Alonzo has never shied away from her heritage as a first-generation Mexican American, and in this hour, she opens and closes her special with big statements, whether joking that her glass of water onstage has no ice or covering herself with a Mexican serape blanket at the end, adorned with the 50 stars of the American flag.
Meanwhile, she jokes about having "money for therapy," even if her poor, Catholic, Latina upbringing makes her wary of self-care. Even more so when she describes in detail what happened when she realized that ordering a body scrub at the spa wasn't as simple or straightforward as she thought. Or maybe too straightforward? Alonzo's body insecurity is evident as she depicts her movements through the spa, from the locker room to the jacuzzi and then her ordeal with the masseuse.
Later, she uses humor when describing her first night with a Fitbit during the pandemic. It didn't go well.
Despite all her insecurity, she wasn't so worried about adhering to traditional gender roles, as she describes growing up wearing her older siblings' hand-me-downs and preferring to play He-Man over My Little Pony.
And she won't take any jokes about not having children or a husband at 46. "It's none of your business," she says, adding jokingly, "I've already raised children." From her sister—that is, the one who showed up at Cristela's door with her three children after leaving her husband.
Furthermore, since her mother passed away, Cristela has taken on the role of family matriarch—even more so since she began enjoying television and streaming success about twelve years ago. In trying to teach her siblings how to have fun, she realized not only that they had never been on a real vacation, but also that Cristela herself, despite all her work traveling as a stand-up comedian, had never traveled for fun. So she took them to Hawaii first. Why there? "Because the Brady Bunch went there!"

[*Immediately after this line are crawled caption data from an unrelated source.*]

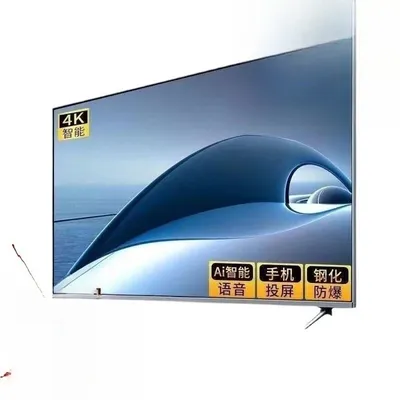 Fernseher LCD 50 55 60 65 70 75 40 Zoll 32 Zoll Smart TV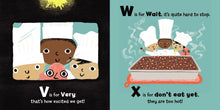 Load image into Gallery viewer, B is for Brownies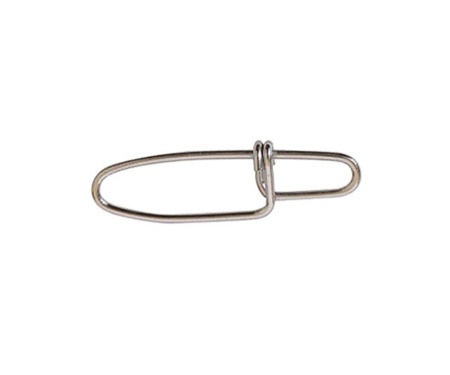 Застежка Owner Cross Lock Snap Swivel 5187 №0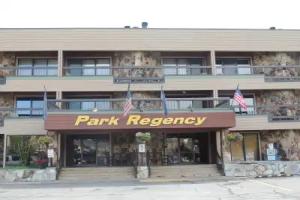 GetAways at Park Regency Resort, Park City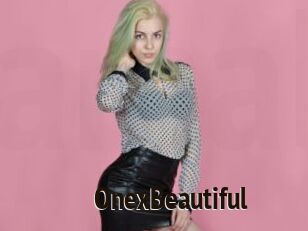 OnexBeautiful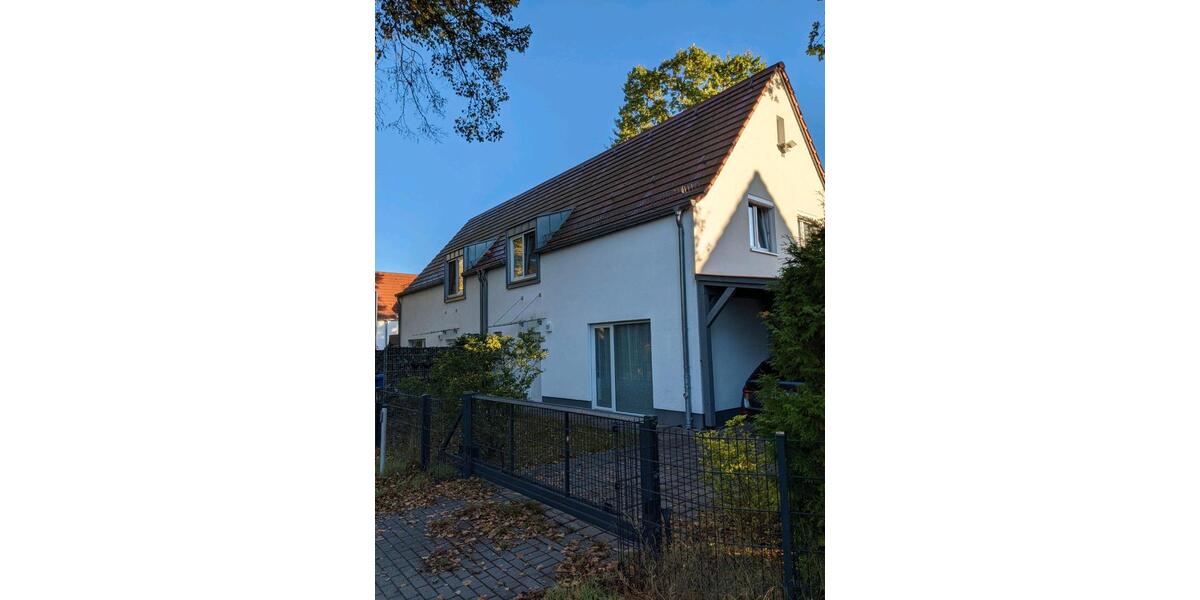 Wohnen auf Zeit Teltow - 1 Zimmer, 10 m&sup2;, 40&euro; | Angebot:24456278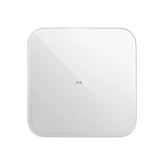 Mérleg XIAOMI Mi Smart Scale S200 okosmérleg (BMI, testtömeg, kéktooth 5.4, iOS 12-től és Android 8-tól) fehér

Detailing their recent trips to Hawaii, Disneyland, and the Grand Canyon, she realizes how little they had allowed themselves to dream, and how far they've come as a family, both literally and figuratively. All with jokes about how their own ideas of vacation contrasted with those of the white people they saw around them.
Alonzo reminds his Dallas audience that he began his comedy career there and that his family still calls San Juan, a town on the Texas border, home. Throughout their time there, they learned to work hard and integrate, but "they never teach us how to live hard" and find joy. That's why his mother, an undocumented immigrant, worked double shifts as a cook and never complained, despite earning only $150 a week and walking past the local movie theater, never even getting in to enjoy a film.
Alonzo even pauses to wonder aloud: why would he tell us all this on a comedy show? "It's because we need to hear it," he says, adding that "sometimes you need to hear it to feel like you have permission to do it." Even when it comes to having fun. Especially in times like these.
So when he's there on stage in Dallas, reminding us that he just filmed his third Netflix special, in a state and nation where people wear Jesus crucifixes while trying to separate boys and men named Jesus from their families, he's not kidding when he says, "This is the time to speak openly."